◆ **Records for this task**:
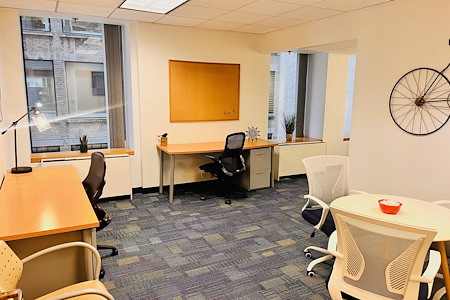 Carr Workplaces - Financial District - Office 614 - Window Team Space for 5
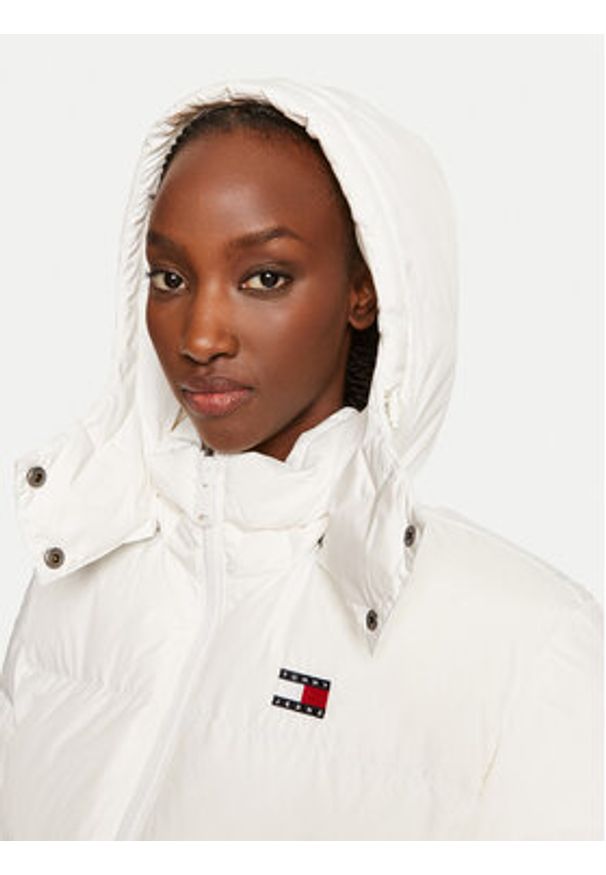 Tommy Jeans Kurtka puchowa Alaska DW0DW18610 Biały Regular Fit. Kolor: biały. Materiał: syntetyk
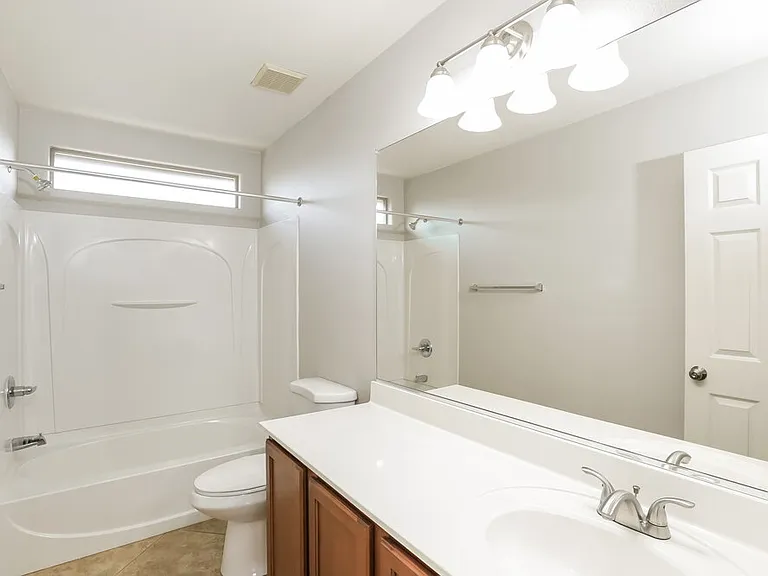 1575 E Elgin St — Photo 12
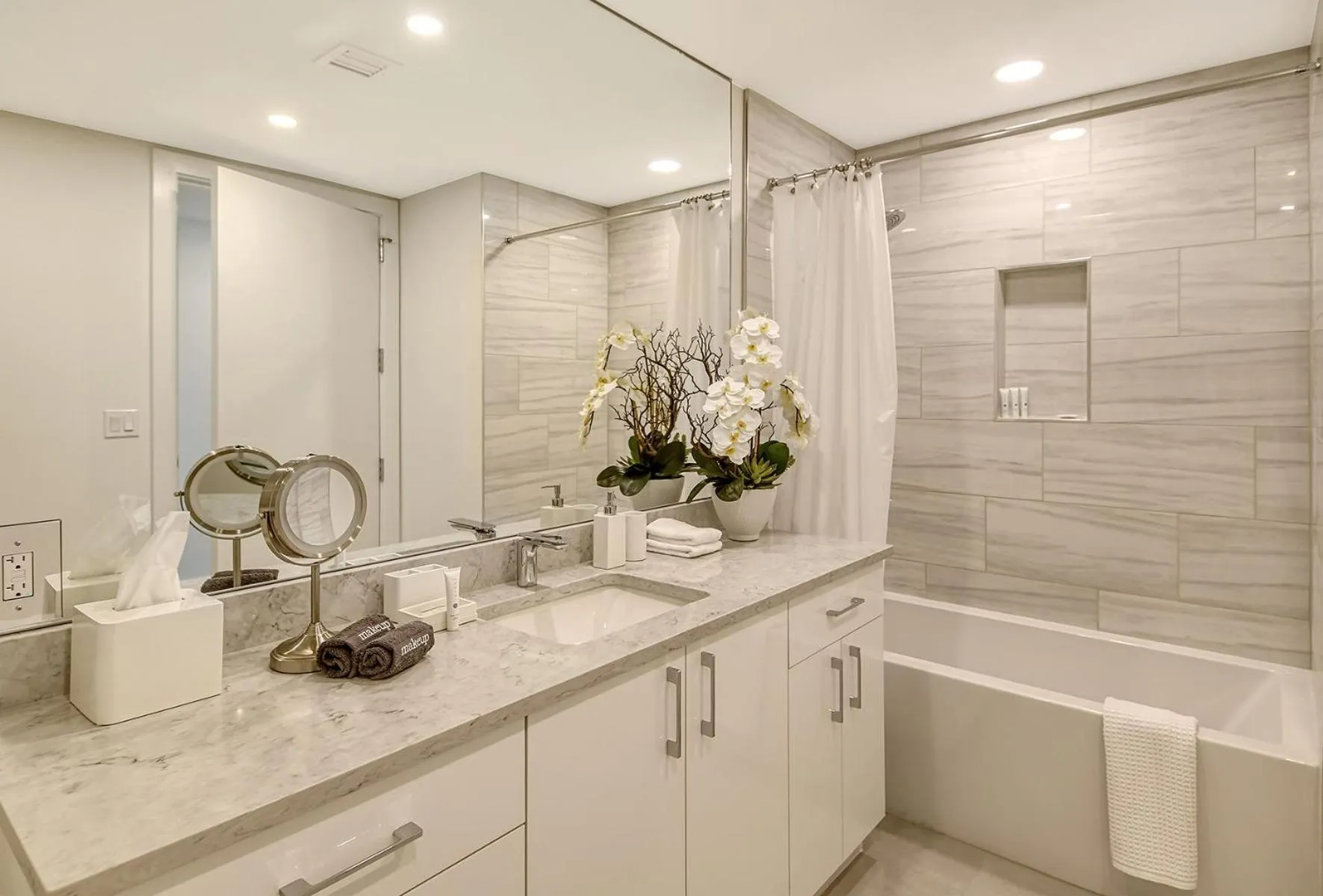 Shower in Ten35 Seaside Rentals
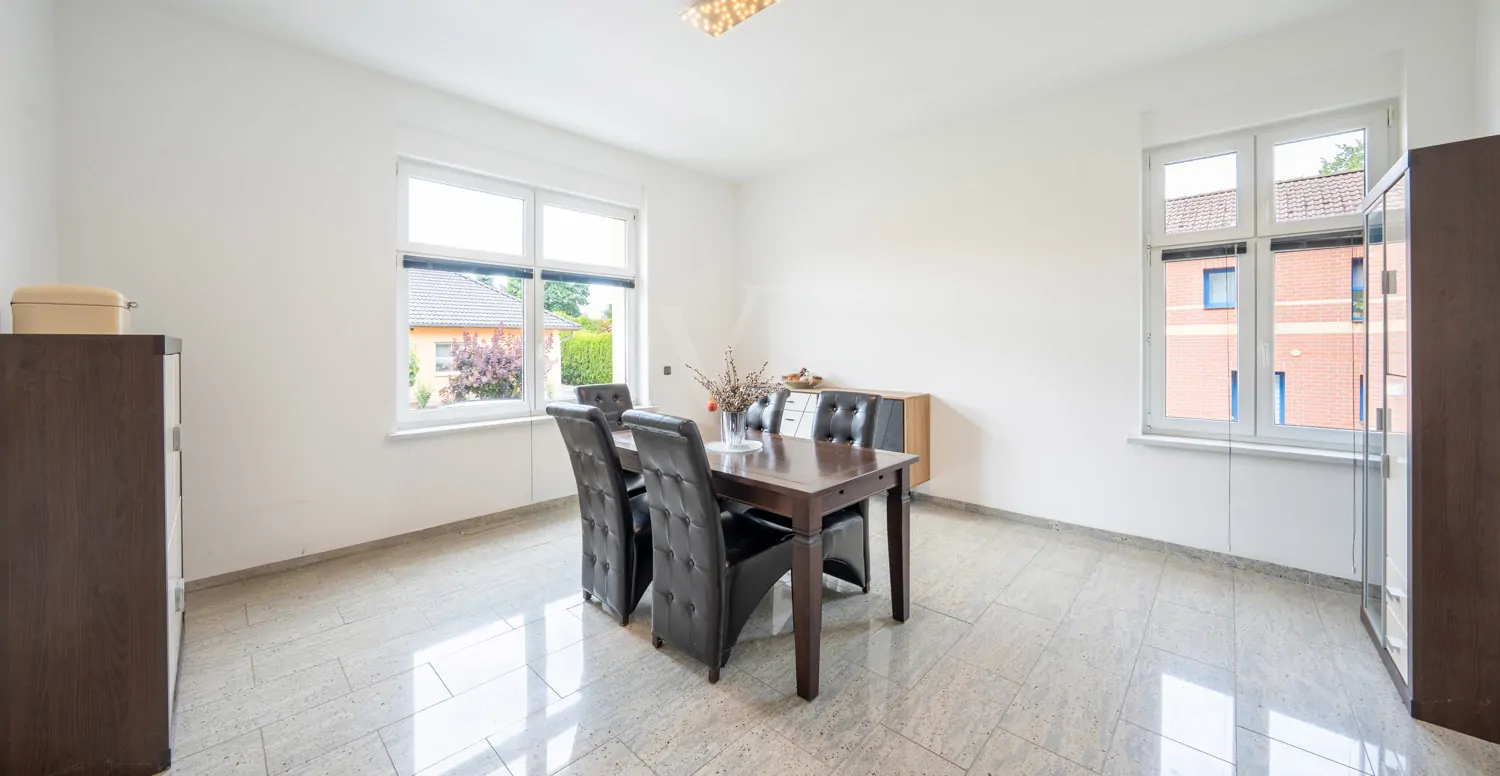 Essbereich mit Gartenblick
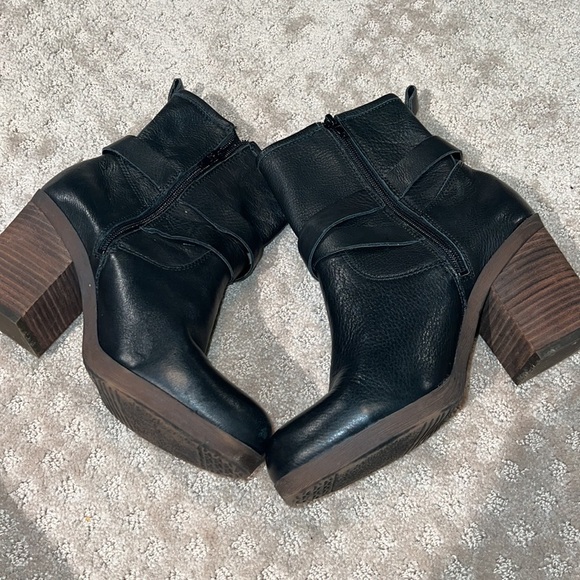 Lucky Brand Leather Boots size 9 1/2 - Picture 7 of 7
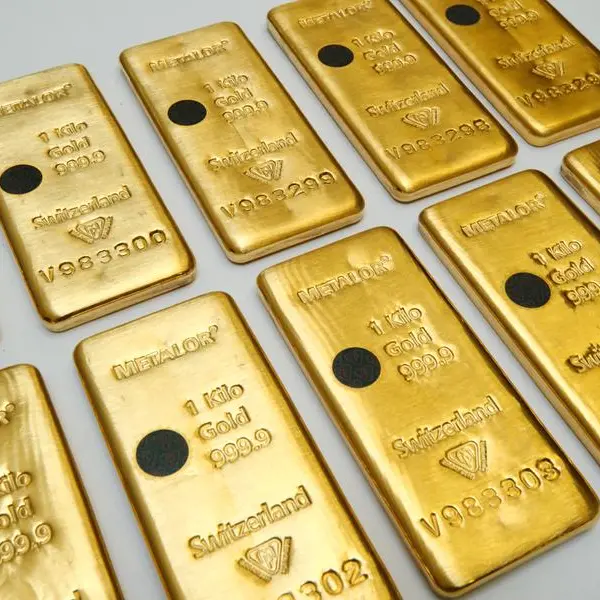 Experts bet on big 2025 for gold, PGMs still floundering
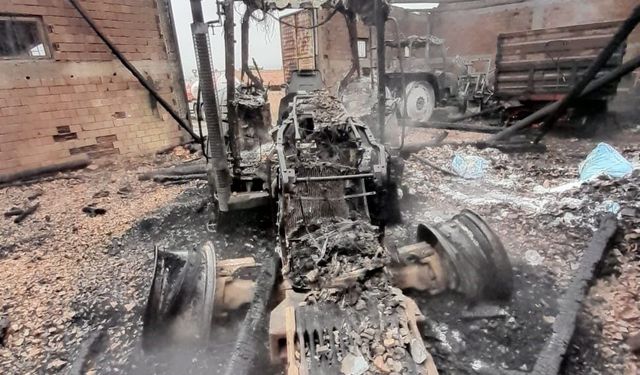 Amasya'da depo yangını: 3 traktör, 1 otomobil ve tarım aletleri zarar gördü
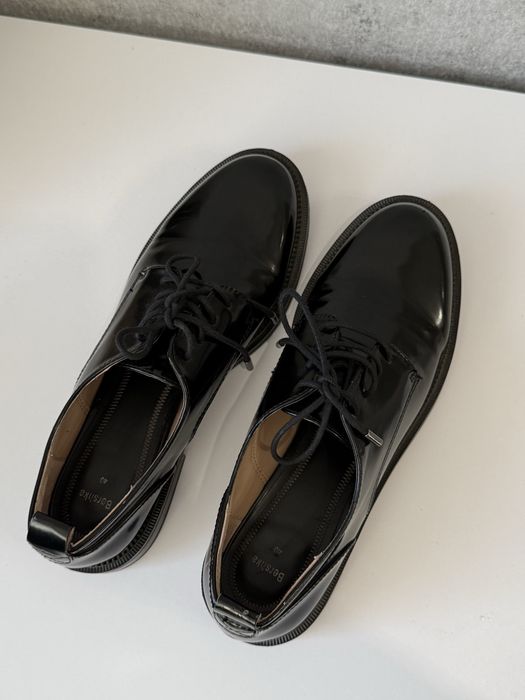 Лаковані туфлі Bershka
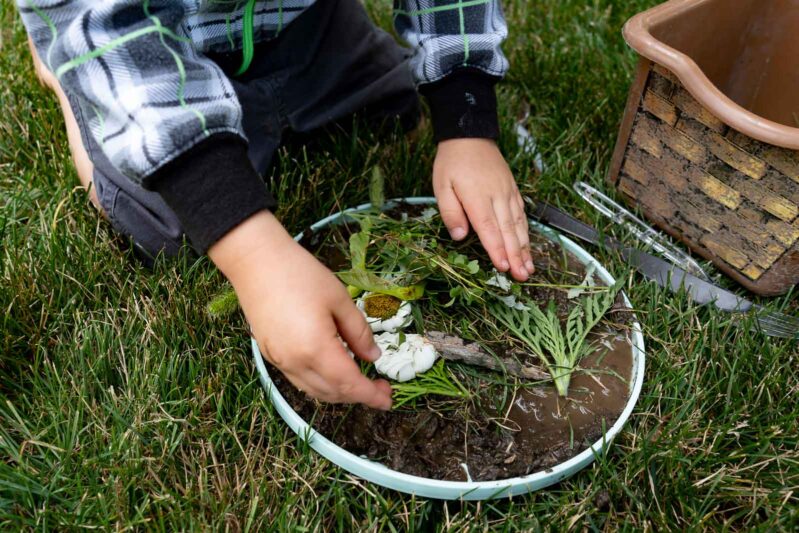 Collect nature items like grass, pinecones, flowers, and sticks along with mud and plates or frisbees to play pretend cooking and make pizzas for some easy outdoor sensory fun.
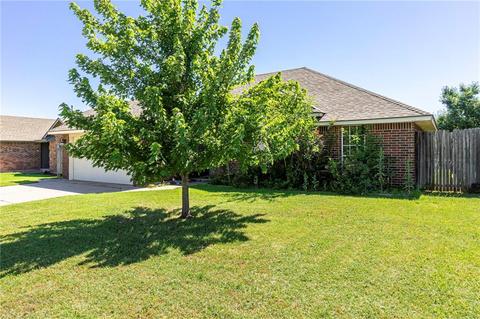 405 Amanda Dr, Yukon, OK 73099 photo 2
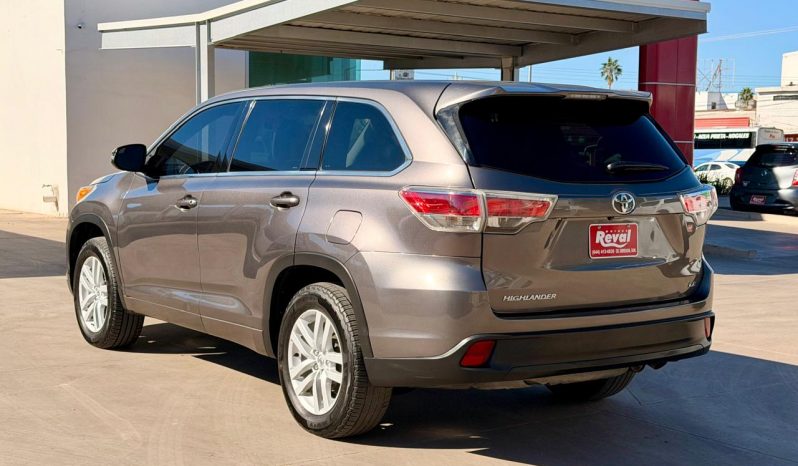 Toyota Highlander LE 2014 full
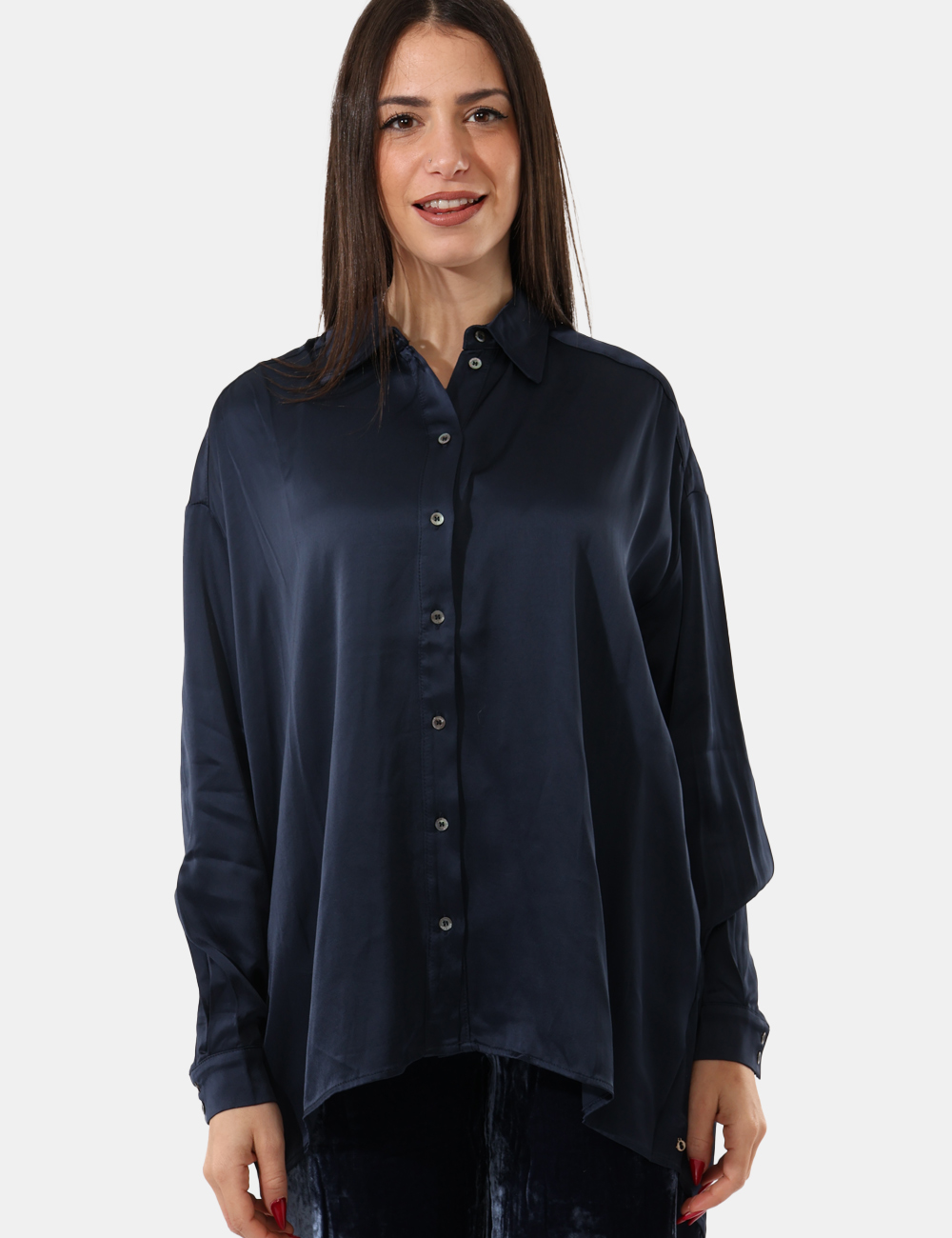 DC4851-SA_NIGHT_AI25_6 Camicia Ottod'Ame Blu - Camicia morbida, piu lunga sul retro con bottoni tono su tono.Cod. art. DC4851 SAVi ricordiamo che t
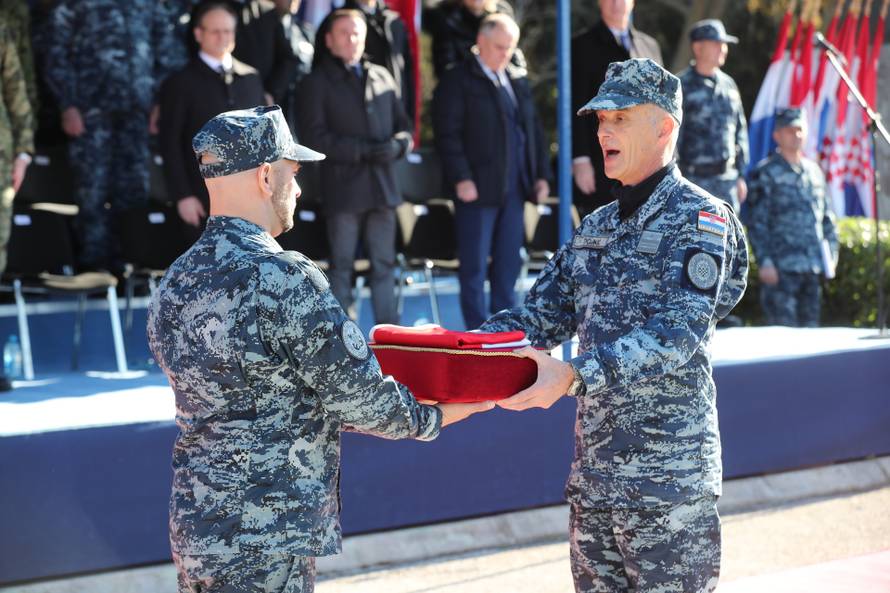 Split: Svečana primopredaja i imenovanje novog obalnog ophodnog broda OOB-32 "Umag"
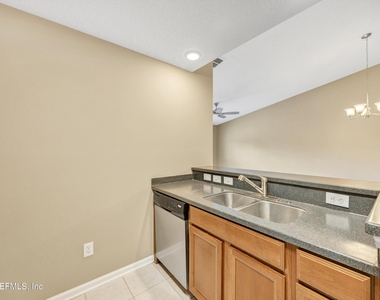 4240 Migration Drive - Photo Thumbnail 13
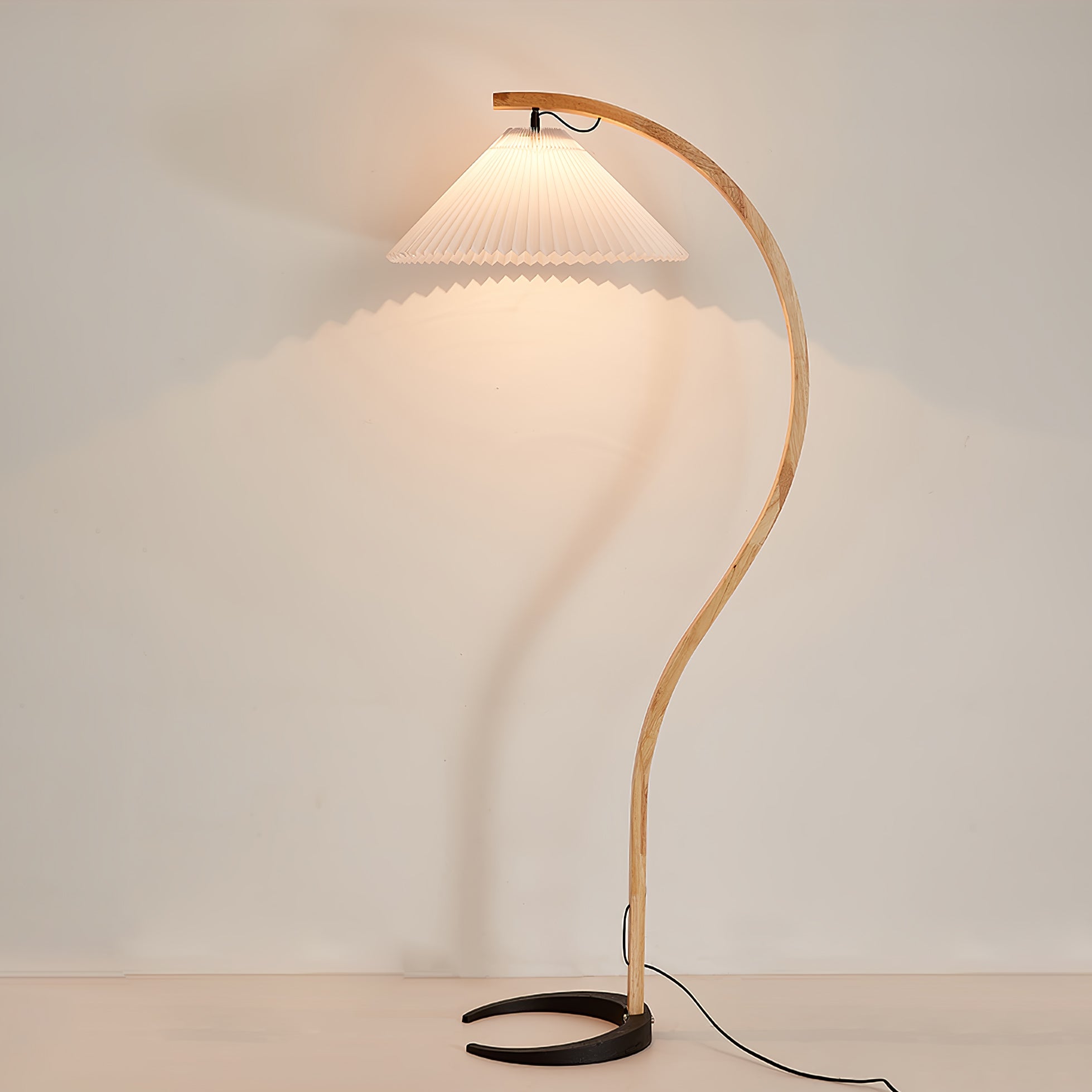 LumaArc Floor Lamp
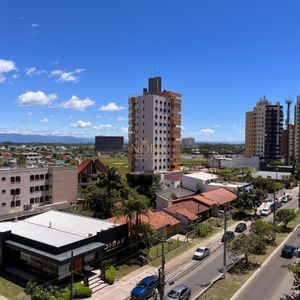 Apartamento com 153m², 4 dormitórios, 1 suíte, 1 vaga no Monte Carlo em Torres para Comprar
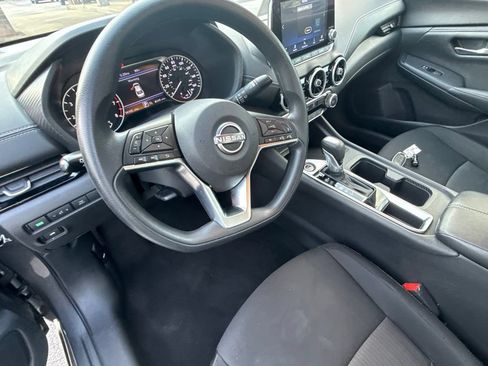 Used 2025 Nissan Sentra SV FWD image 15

◆ **Task**: Extract only the lines from the one that contains "Collect nature items" through the end of the records, inclusive, and omit every picture.

◆ **Expected output**:
 Collect nature items like grass, pinecones, flowers, and sticks along with mud and plates or frisbees to play pretend cooking and make pizzas for some easy outdoor sensory fun.
 405 Amanda Dr, Yukon, OK 73099 photo 2
 Toyota Highlander LE 2014 full
 DC4851-SA_NIGHT_AI25_6 Camicia Ottod'Ame Blu - Camicia morbida, piu lunga sul retro con bottoni tono su tono.Cod. art. DC4851 SAVi ricordiamo che t
 Split: Svečana primopredaja i imenovanje novog obalnog ophodnog broda OOB-32 "Umag"
 4240 Migration Drive - Photo Thumbnail 13
 LumaArc Floor Lamp
 Apartamento com 153m², 4 dormitórios, 1 suíte, 1 vaga no Monte Carlo em Torres para Comprar
 Used 2025 Nissan Sentra SV FWD image 15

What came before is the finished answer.